▶ [Exercise description]: Your response to the data below should hold nothing except the lines from the one containing "ЛИСТВЯНКА - Большие КОТЫ на велосипедах" down to the one containing "Nutria eating a", reproduced exactly and without pictures.

▶ [Records for the exercise]:
###

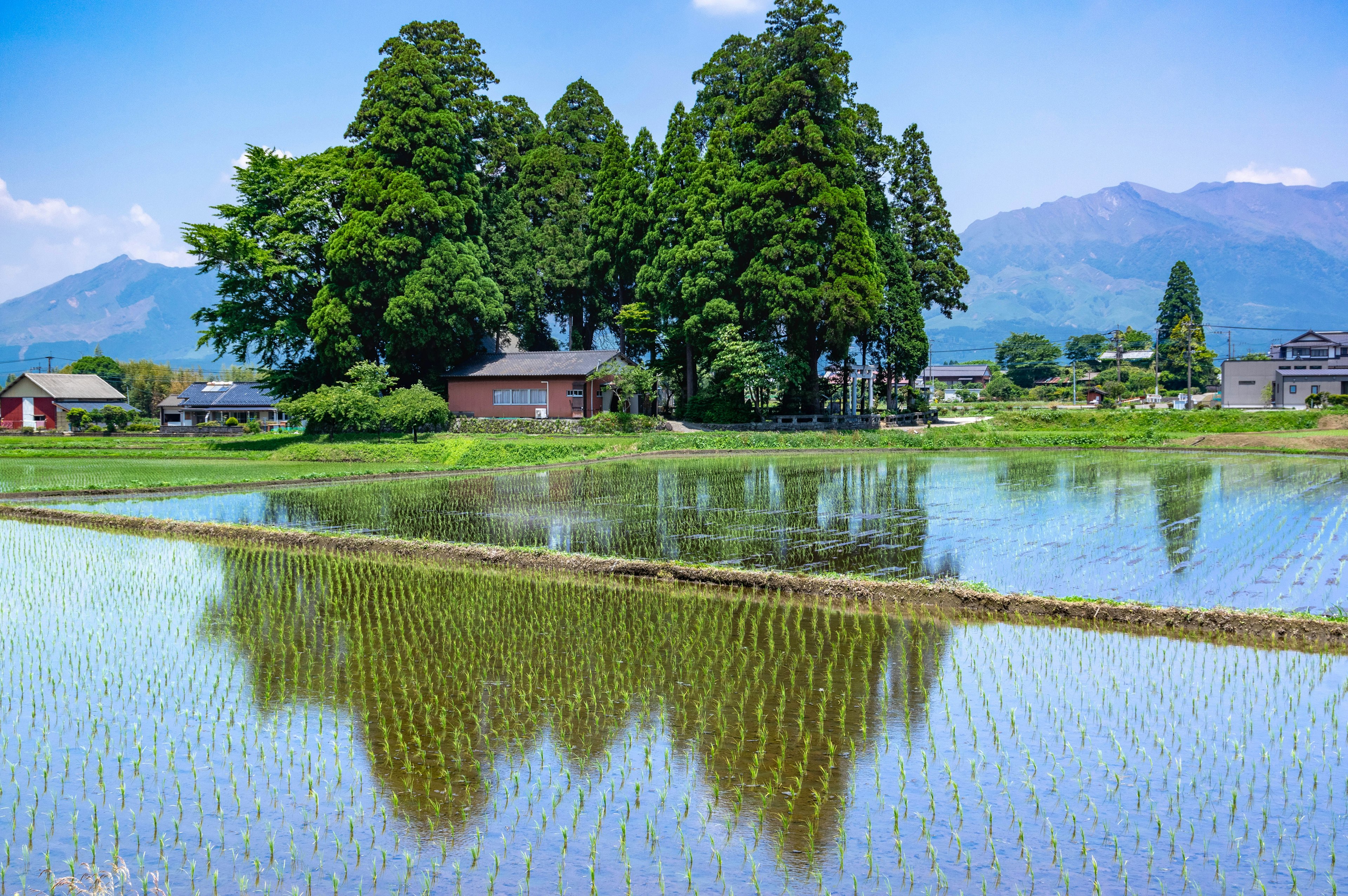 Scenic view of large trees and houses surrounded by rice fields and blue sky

###

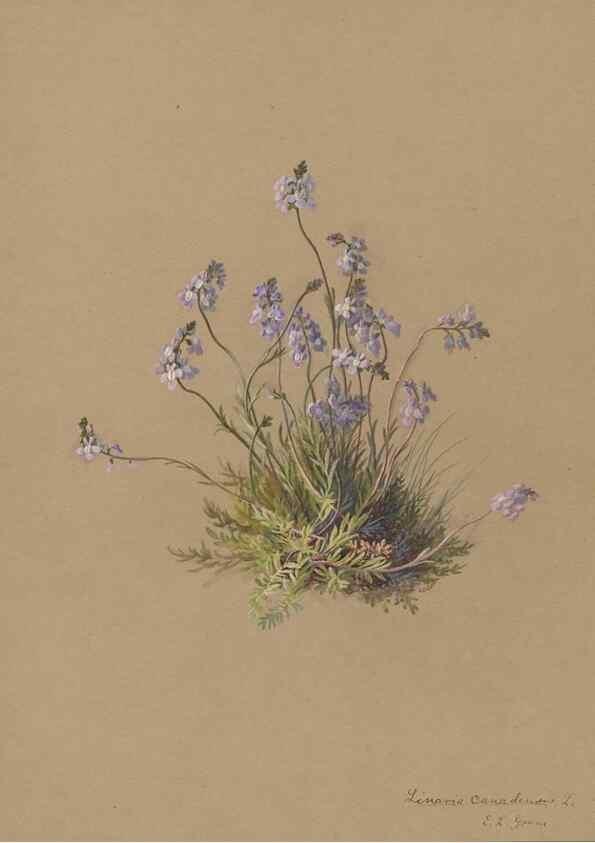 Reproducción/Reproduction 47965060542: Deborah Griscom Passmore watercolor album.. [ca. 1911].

###

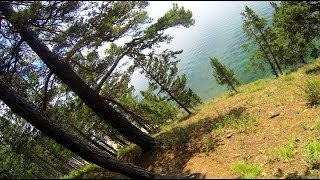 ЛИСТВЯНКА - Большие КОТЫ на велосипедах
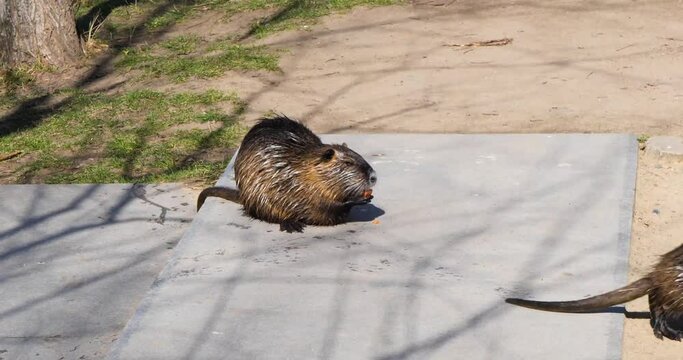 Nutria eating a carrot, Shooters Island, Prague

###

▶ [Finished exercise]:
 ЛИСТВЯНКА - Большие КОТЫ на велосипедах
 Nutria eating a carrot, Shooters Island, Prague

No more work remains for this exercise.